▶ _Goal of the exercise_
Since only part of the material below is wanted, output exactly the lines from the one with "Young ferns in" up to and including the one with "יהודי נודד סגול".

▶ _Raw data_

◇ ◇ ◇ ◇ ◇ ◇ ◇

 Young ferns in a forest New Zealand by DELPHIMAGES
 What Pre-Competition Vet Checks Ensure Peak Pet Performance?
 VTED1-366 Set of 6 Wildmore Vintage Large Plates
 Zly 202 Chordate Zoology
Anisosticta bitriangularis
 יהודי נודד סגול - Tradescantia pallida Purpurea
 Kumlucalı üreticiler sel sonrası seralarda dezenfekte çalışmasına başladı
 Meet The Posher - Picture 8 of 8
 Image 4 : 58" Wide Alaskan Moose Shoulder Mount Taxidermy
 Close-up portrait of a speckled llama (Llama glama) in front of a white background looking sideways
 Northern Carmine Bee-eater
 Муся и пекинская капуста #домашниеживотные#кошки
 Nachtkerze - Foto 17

◇ ◇ ◇ ◇ ◇ ◇ ◇

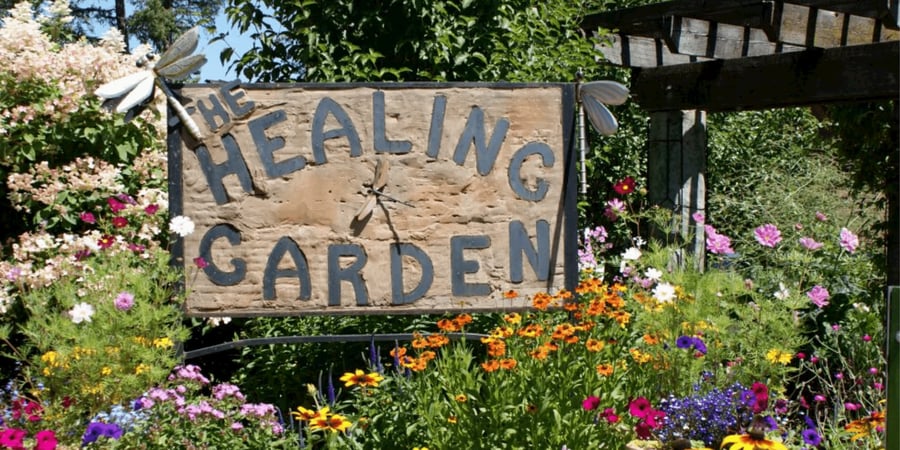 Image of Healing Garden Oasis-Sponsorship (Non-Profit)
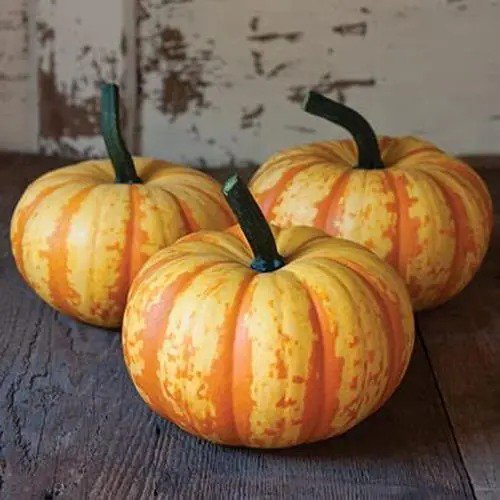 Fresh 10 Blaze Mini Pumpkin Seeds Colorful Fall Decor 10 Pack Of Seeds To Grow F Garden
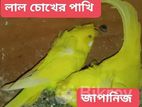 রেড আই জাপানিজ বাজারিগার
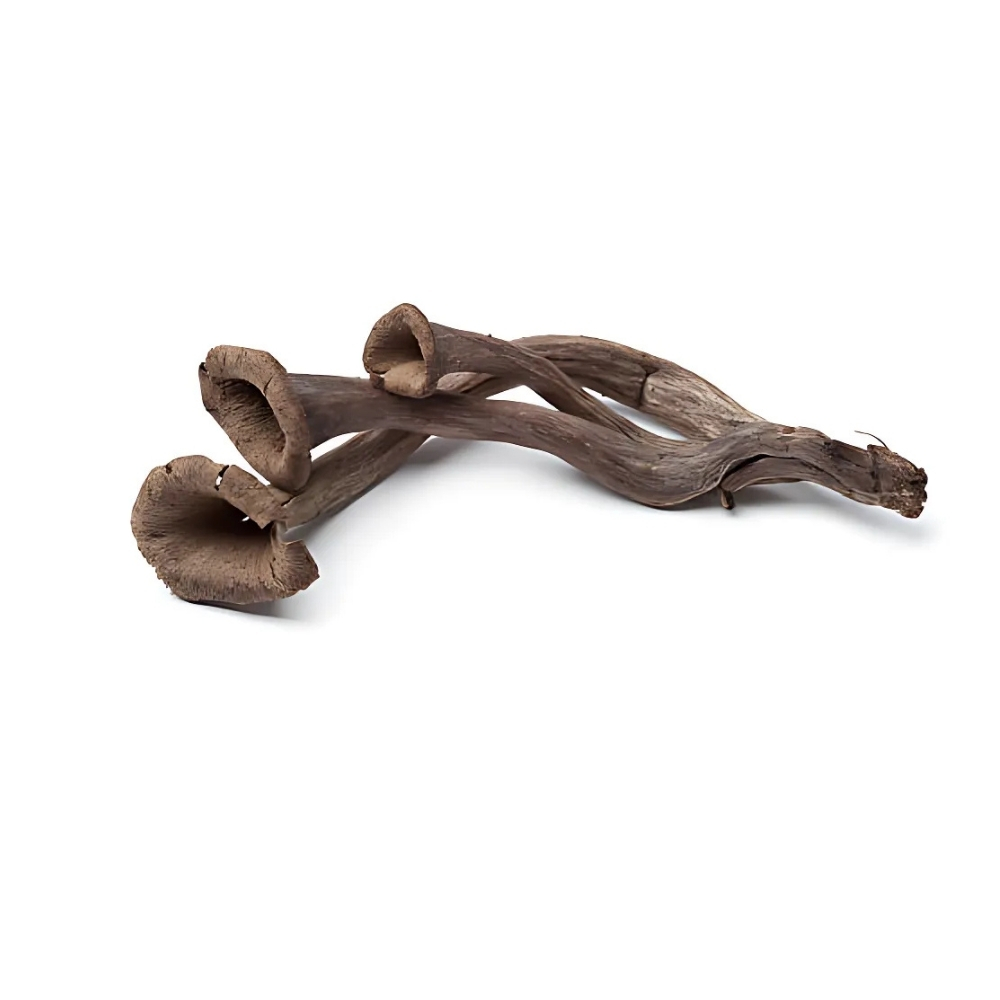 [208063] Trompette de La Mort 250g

◇ ◇ ◇ ◇ ◇ ◇ ◇

▶ _Exercise result_
 Young ferns in a forest New Zealand by DELPHIMAGES
 What Pre-Competition Vet Checks Ensure Peak Pet Performance?
 VTED1-366 Set of 6 Wildmore Vintage Large Plates
 Zly 202 Chordate Zoology
Anisosticta bitriangularis
 יהודי נודד סגול - Tradescantia pallida Purpurea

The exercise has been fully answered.